前回はペーパー空間に表示するビューポートのサイズを、ややアバウトなやり方でしたが仮決定しました。
X方向:750mm
Y方向:500mm
前回も説明しましたが、このビューポートのサイズはあくまでも仮の大きさで、「この位のサイズからスタートする」という程度の話です。
最初にこうして決めておくことで、多少の誤差はあっても「どの程度の範囲が表示出来るのか」が見えてきます。
目的は主にそこにあります。
もちろんそのままの大きさで使う場合もありますが、まずビューポートの大きさを決めるというのは、結構重要な作業だと思います。
さて、ひとまずビューポートの大きさを決めたので、ペーパー空間内にとりあえず750×500の四角形を描いておきましょう。
そしてその四角形を基点コピーしておき、今度はモデル空間上でいくつか作業をすることになります。
■縮尺1/1だと……
ペーパー空間からモデル空間に図形をコピーする際には、クリップボード経由のコピーが一番簡単です。

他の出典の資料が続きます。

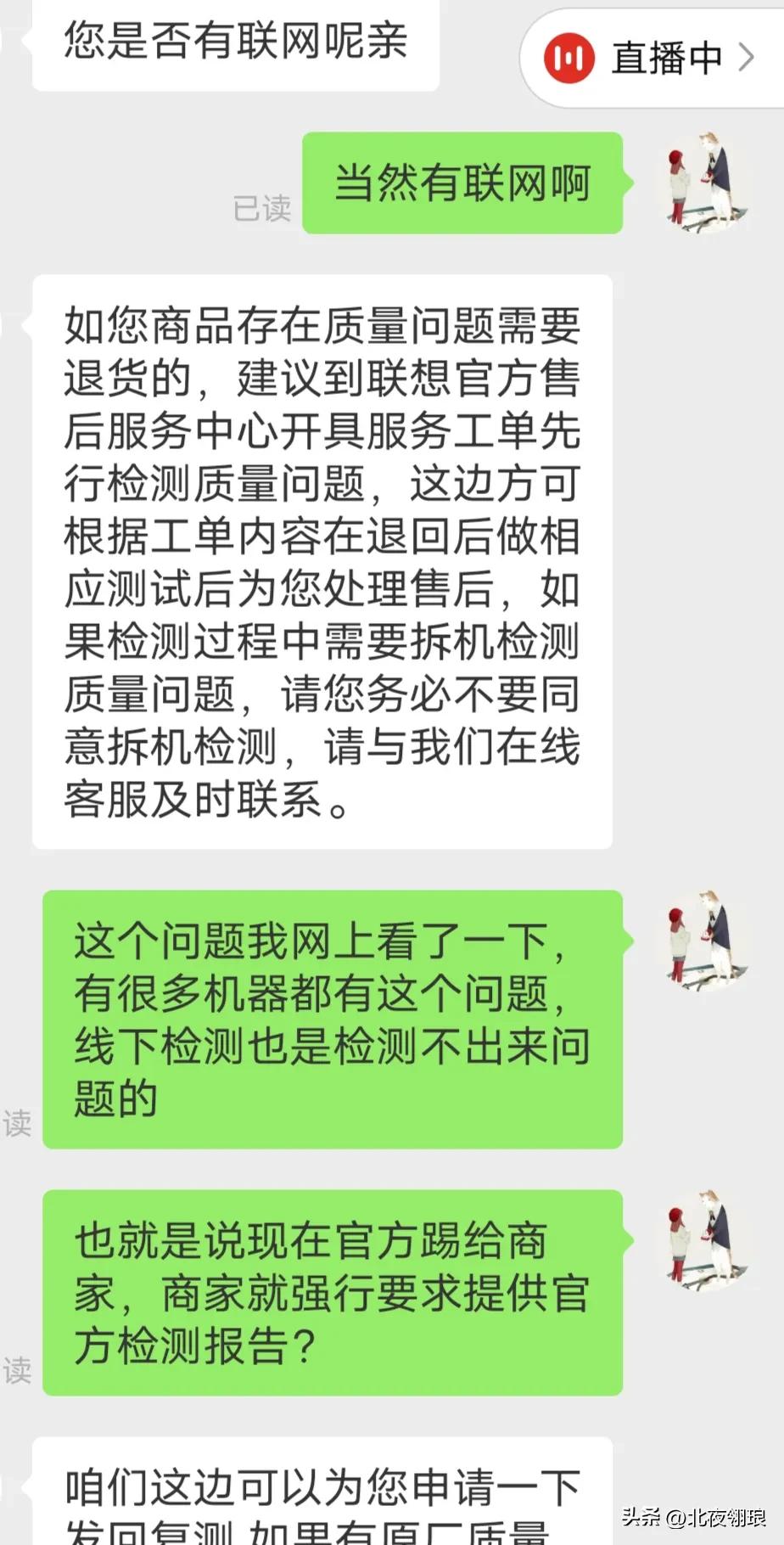 拼多多平板刚买就降价怎么办,拼多多上面买的平板会不会踩雷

通常のコピーペーストでも良いんですけど、基点と挿入点を指定出来る基点コピーの方が使い勝手は良いのでお勧めです。
と言うことで、モデル空間に先程基点コピーした四角形を貼り付けて、サンプルの平面図の大きさと比べてみましょう。
上図を見れば、平面図に対してビューポートのサイズはかなり小さいことが分かります。
これではもう全然表示出来ないレベルですけど、もちろんこのままの大きさのはずはないので大丈夫です。
図面には縮尺という概念があるので、それによって表示範囲は結構大きくなってくれるはずです。
■縮尺による表示範囲
上図の四角形は、A1サイズで縮尺1/1の図面を作図する場合に、モデル空間を表示出来る範囲です。
なぜ縮尺1/1なのかというと、ペーパー空間の範囲をA1サイズそのまま(841×594)にしているから。
ビューポートで抜き出す際に縮小して表示する訳ですから、モデル空間で表示出来る範囲は以下のような考え方が成り立ちます。
モデル空間を表示出来る範囲 = ビューポートのサイズ × 縮尺の分母
あまり分かりやすくない気がするんですけど、これ以上分かりやすい表現が全然浮かびませんでした。
今回の場合は縮尺1/50の図面にするので、モデル空間に表示出来る範囲は、先程コピーした四角形の50倍ということになります。
これが50倍にした四角形の範囲です。
縮尺の概念を再確認する為に、四角形を20倍にしてみた範囲もあわせて表示させています。
1/50の図面よりも1/20の図面の方が、縮小率が小さい=各要素が大きく見えることになります。
だから、A1サイズに表現出来る範囲も狭くなる訳です。
この考え方は結構重要なので、四角形の大きさと縮尺の関係は、ぜひここで覚えてしまいましょう。